В конце XII в. император Мануил Комнин, а затем и его преемник Андроник I начали конфискацию венецианских предприятий купцов, чтобы вернуть стране текущие потоками за границу доходы. Венецианцы не смогли с этим смириться, и в начале XIII в. дож Венеции Энрико Дандоло сумел перенаправить организованный папой Иннокентием III Четвертый крестовый поход с Египта сначала на далматинский город Задар (в качестве платы за перевозку), и затем и на Константинополь. Вероломное нападение христова воинства на столицу христианской империи закончилось ее взятием 13 апреля 1204 г. и последующим разорением. Крестоносцы, установившие в Новом Риме так называемую Латинскую империю, начали вывоз его сокровищ, который продолжался более 50 лет. Только драгоценной монеты было вывезено сотни тонн, и это при том, что годовой бюджет самых богатых стран Европы составлял тогда не более двух тонн золота. «Невиданный поток свободных денег вызвал бурный рост западноевропейских городов, стал решающим толчком развития ремесел, наук, искусств. Запад варварский стал Западом цивилизованным лишь после того, как захватил, разграбил, разрушил и поглотил в себя Византийскую империю… При этом венецианцы – оплот тогдашнего свободного предпринимательства – объявили на весь западный мир, что восстанавливают попранную законность, права свободного международного рынка, а главное – борются с режимом, отрицающим общеевропейские ценности. Именно с этого момента на Западе стал создаваться образ Византии как еретической “империи зла”. В дальнейшем этот образ всегда, когда требовалось, извлекался из идеологических арсеналов»[238].
В 1261 г. войска Михаила VIII Палеолога овладели Константинополем, положив тем самым конец Латинской империи. Город был освобожден от крестоносцев, однако Византии было уже не суждено оправиться от того удара.

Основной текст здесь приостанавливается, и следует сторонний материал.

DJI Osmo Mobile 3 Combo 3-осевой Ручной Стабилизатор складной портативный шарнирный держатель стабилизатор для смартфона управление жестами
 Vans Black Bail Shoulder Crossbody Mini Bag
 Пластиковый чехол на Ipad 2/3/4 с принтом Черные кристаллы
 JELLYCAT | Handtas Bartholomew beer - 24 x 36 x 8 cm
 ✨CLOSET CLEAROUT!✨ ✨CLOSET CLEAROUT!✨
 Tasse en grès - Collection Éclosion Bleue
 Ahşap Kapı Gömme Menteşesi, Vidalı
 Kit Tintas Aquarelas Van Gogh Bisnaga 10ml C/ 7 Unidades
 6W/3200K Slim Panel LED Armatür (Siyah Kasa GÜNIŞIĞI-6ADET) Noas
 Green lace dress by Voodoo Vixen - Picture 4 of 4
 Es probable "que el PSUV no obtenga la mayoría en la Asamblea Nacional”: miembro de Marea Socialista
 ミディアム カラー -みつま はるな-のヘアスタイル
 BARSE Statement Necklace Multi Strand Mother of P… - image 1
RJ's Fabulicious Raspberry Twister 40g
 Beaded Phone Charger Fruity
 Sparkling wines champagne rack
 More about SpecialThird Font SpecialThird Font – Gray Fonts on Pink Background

Рис. 36. Эжен Делакруа. Вступление крестоносцев в Константинополь. 1840
Именно из Византии, этой «еретической империи зла» и пришли в Европу поэмы Гомера после нескольких столетий забвения. Однако большой популярностью пользоваться они не станут, а о Троянской войне европейцы будут знать из весьма подозрительных источников – из переведенных на латинский язык «записок» мнимых участников Троянской войны Диктиса Критского и Дарета Фригийского, а также средневековых «Романа о Трое» Бенуа де Сент-Мора, «Собрания повествований о Трое» Рауля Лефевра, «Песни о Трое» Герборта фон Фрицлара, «Истории разрушения Трои» Гвидо де Колумна[239]и прочей беллетристики, часто носящей пропагандистский характер.